Assignment: Starting at the line that holds "Booth Round Car", quote every line through the end of the records, both boundary lines included. Omit the pictures.

______

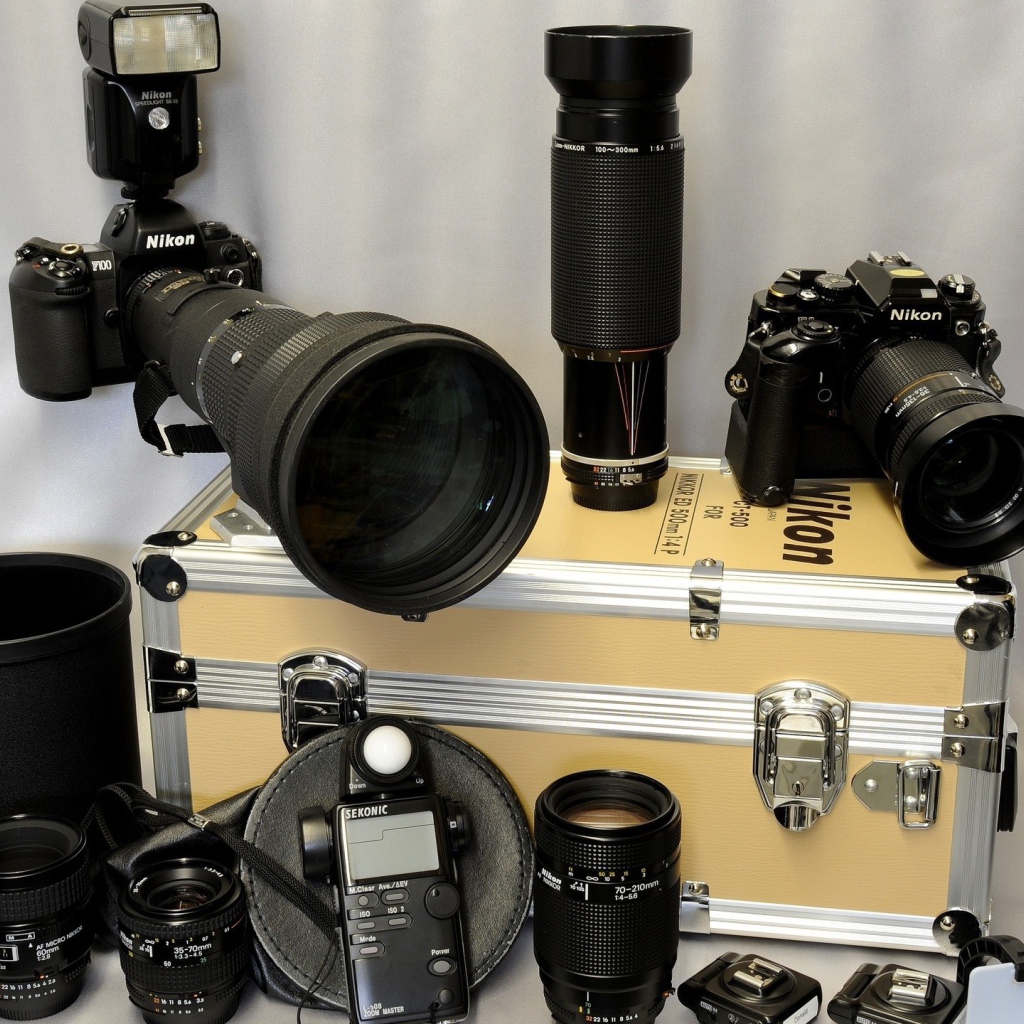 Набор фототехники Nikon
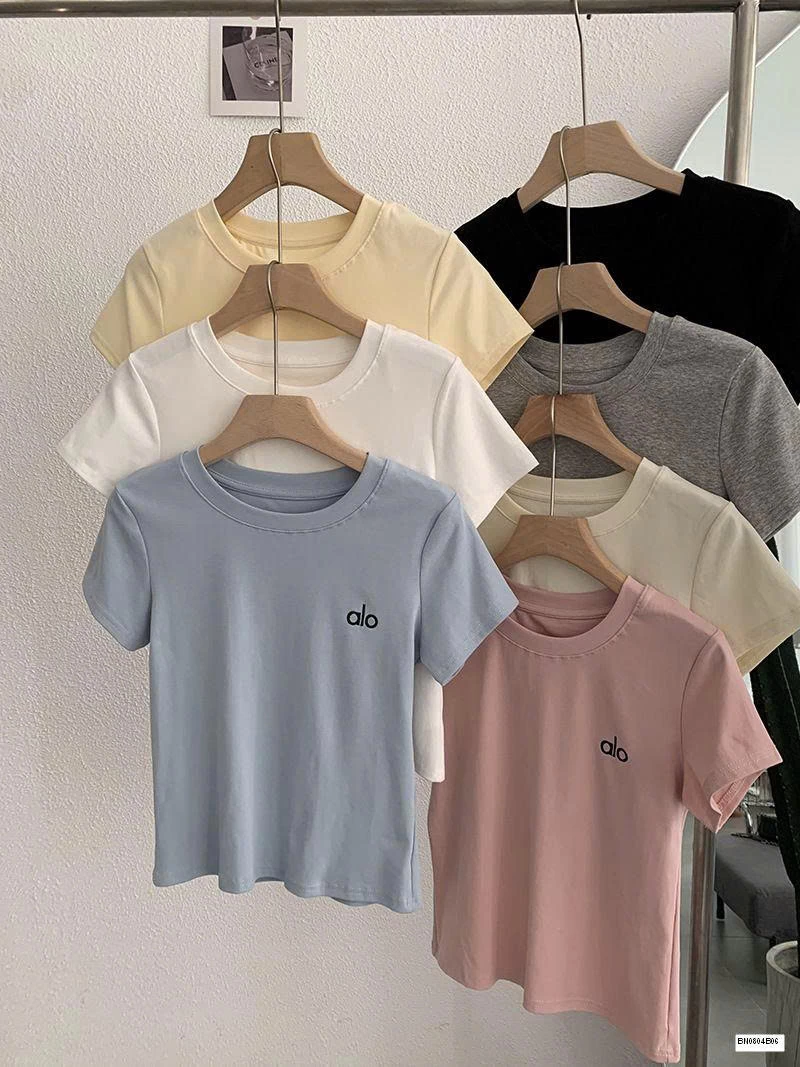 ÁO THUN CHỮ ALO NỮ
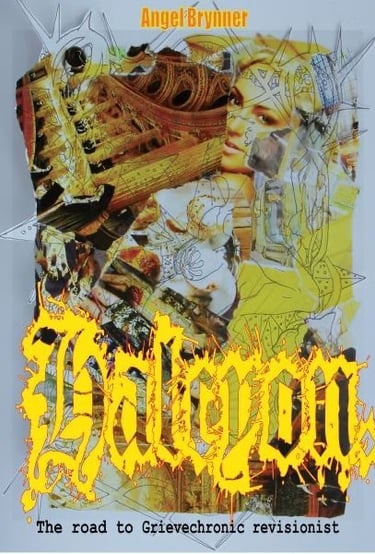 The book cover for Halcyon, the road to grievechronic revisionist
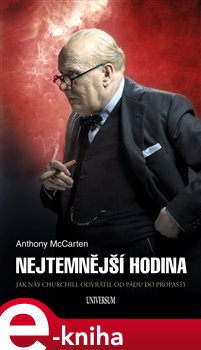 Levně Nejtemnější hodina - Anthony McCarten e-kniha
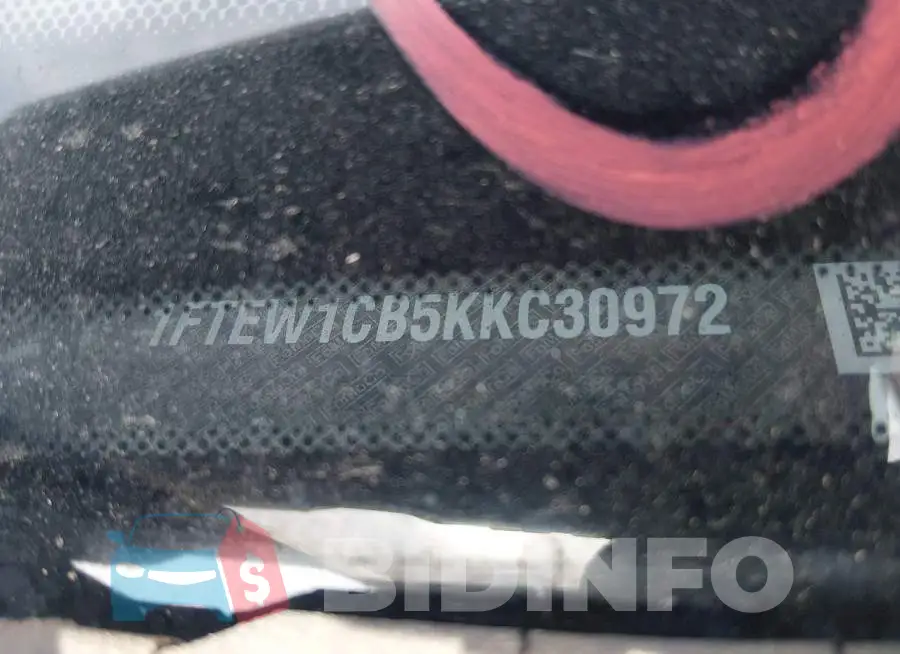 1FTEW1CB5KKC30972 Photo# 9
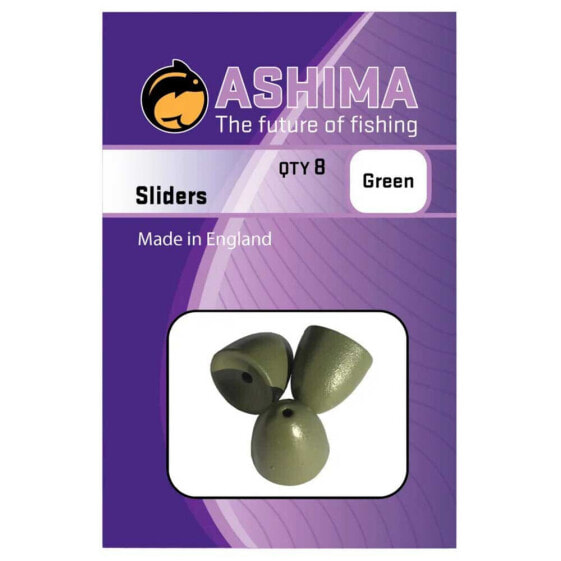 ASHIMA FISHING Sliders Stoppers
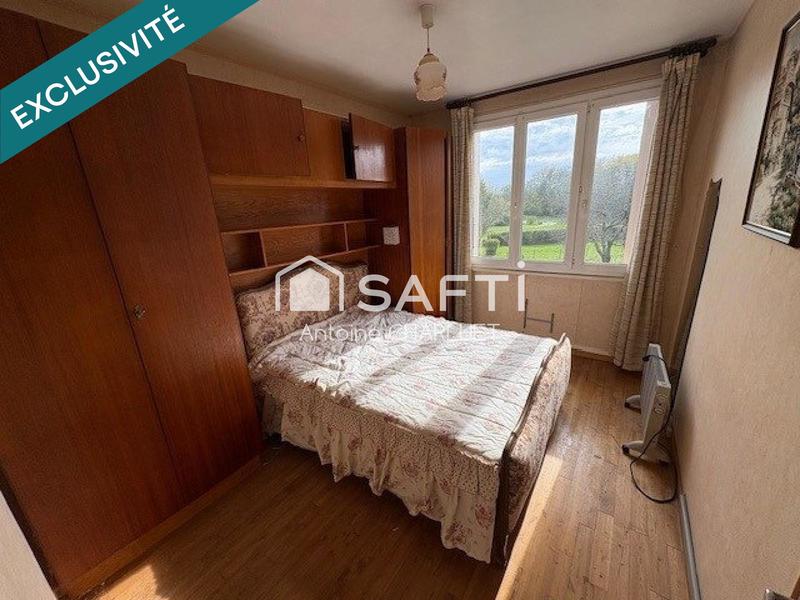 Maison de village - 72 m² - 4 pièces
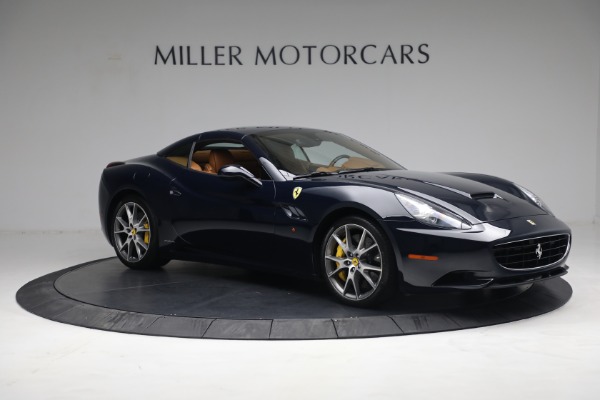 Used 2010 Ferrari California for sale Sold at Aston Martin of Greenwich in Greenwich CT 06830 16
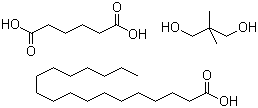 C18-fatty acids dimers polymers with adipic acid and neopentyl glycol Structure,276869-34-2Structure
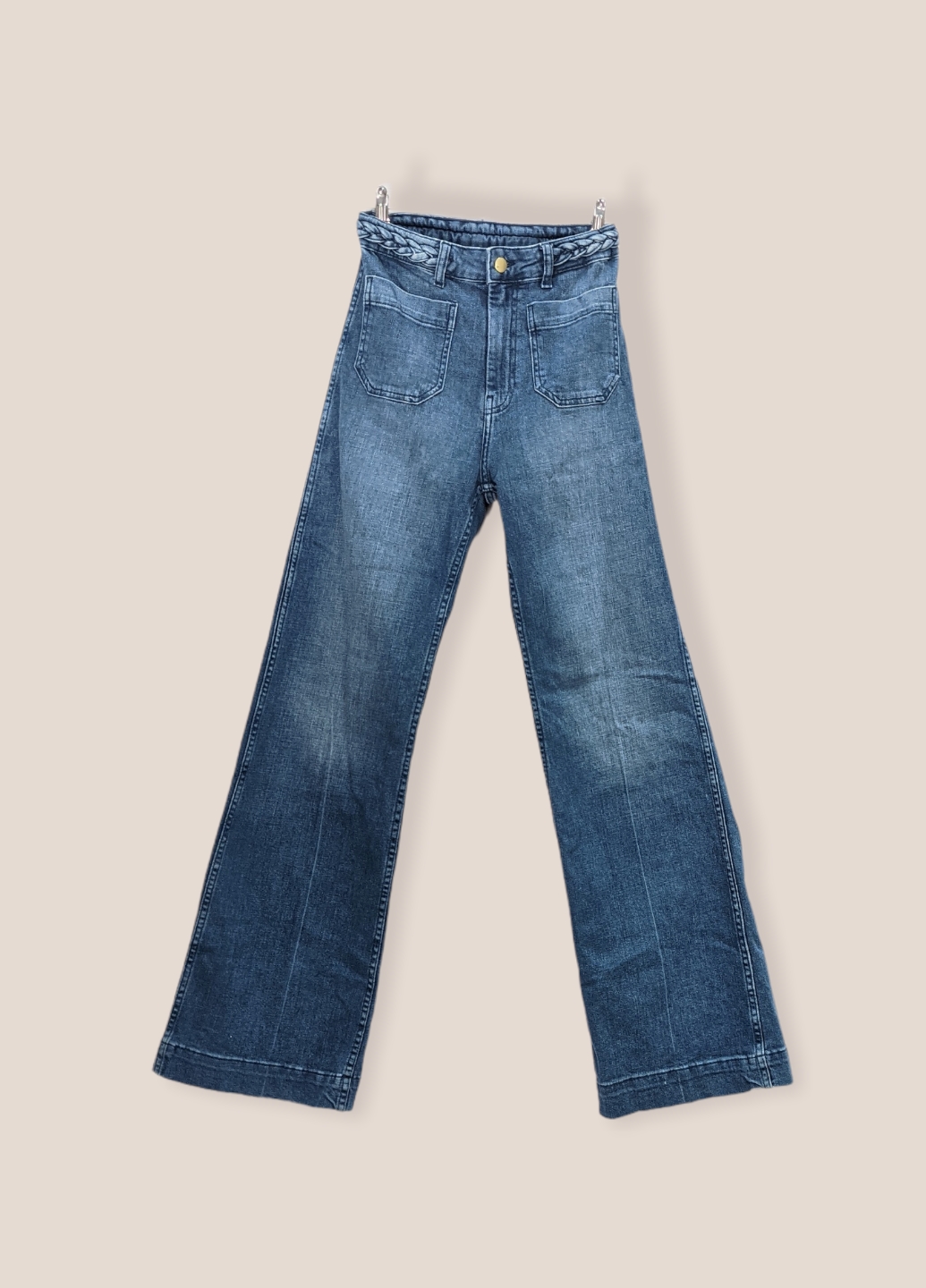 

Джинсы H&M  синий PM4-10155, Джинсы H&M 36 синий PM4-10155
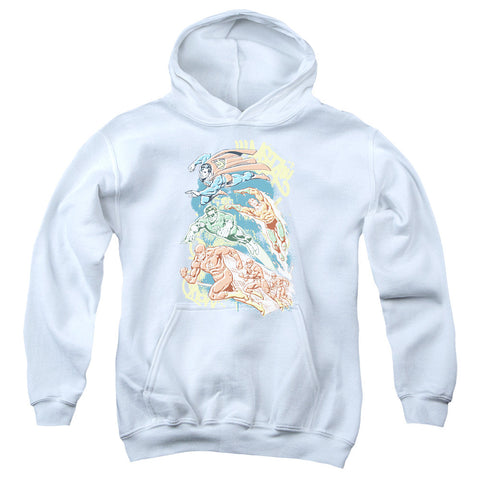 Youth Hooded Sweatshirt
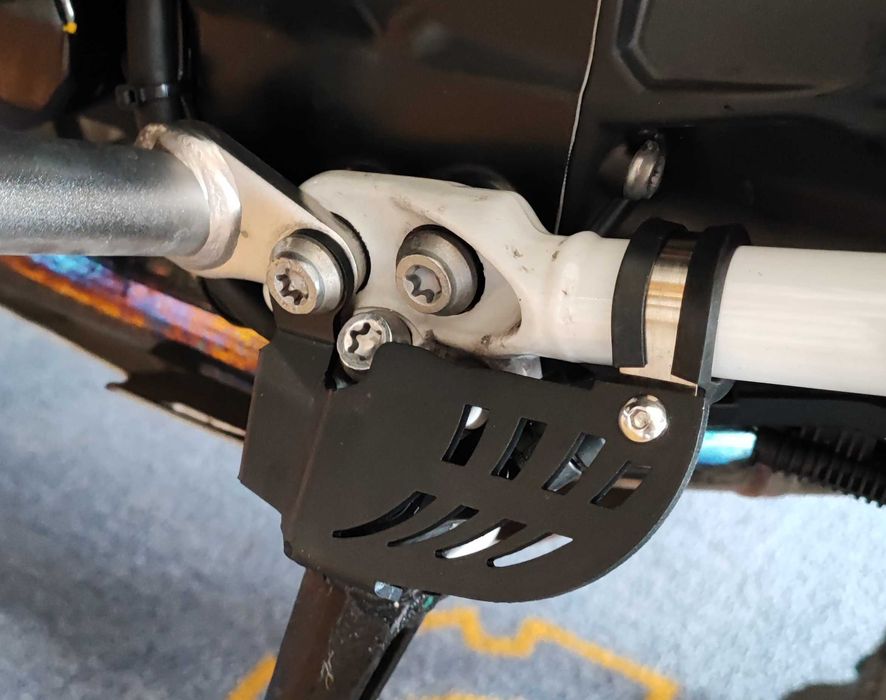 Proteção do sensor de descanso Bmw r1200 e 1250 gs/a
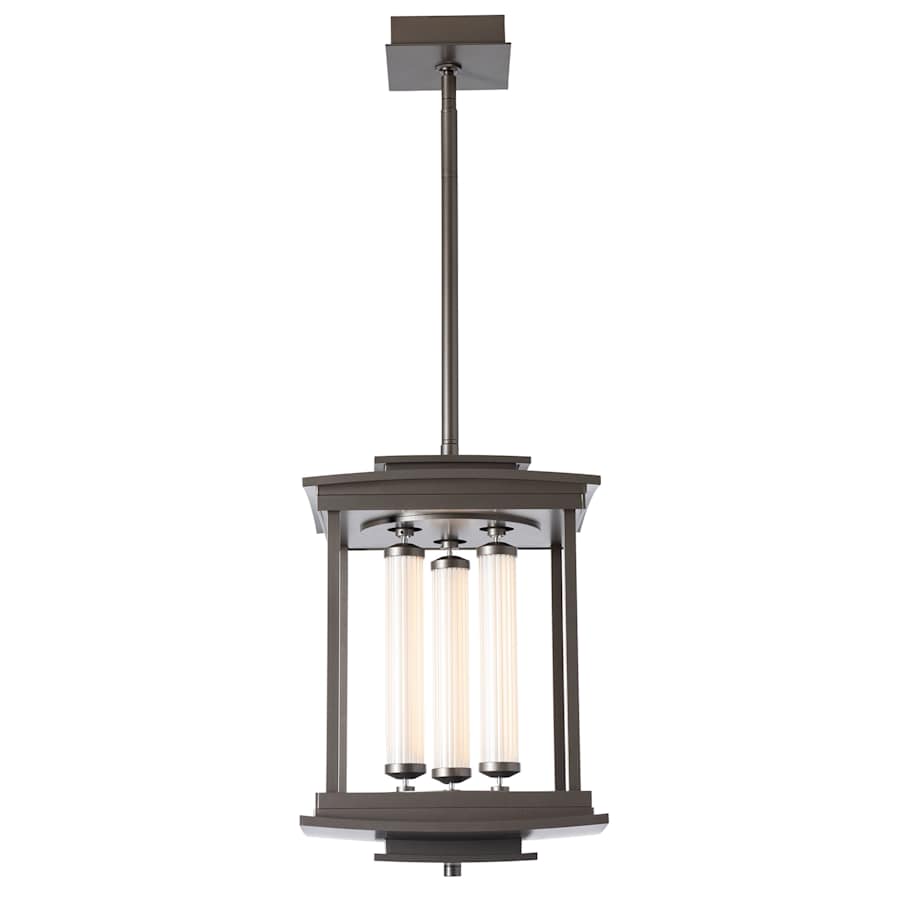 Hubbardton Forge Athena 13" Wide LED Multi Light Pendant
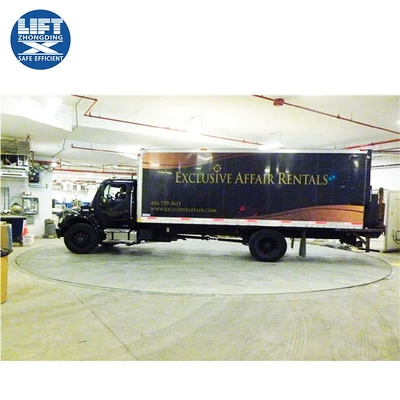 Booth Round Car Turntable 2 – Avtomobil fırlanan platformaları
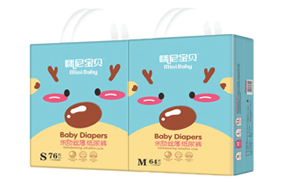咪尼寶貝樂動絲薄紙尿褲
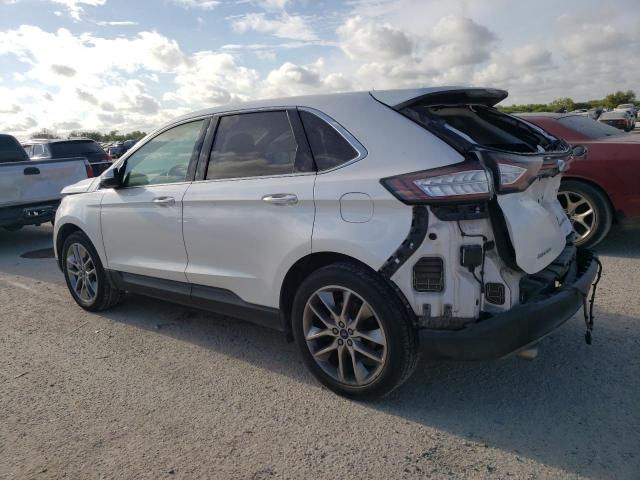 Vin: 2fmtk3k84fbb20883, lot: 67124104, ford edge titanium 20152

______

Written answer:
 Booth Round Car Turntable 2 – Avtomobil fırlanan platformaları
咪尼寶貝樂動絲薄紙尿褲
 Vin: 2fmtk3k84fbb20883, lot: 67124104, ford edge titanium 20152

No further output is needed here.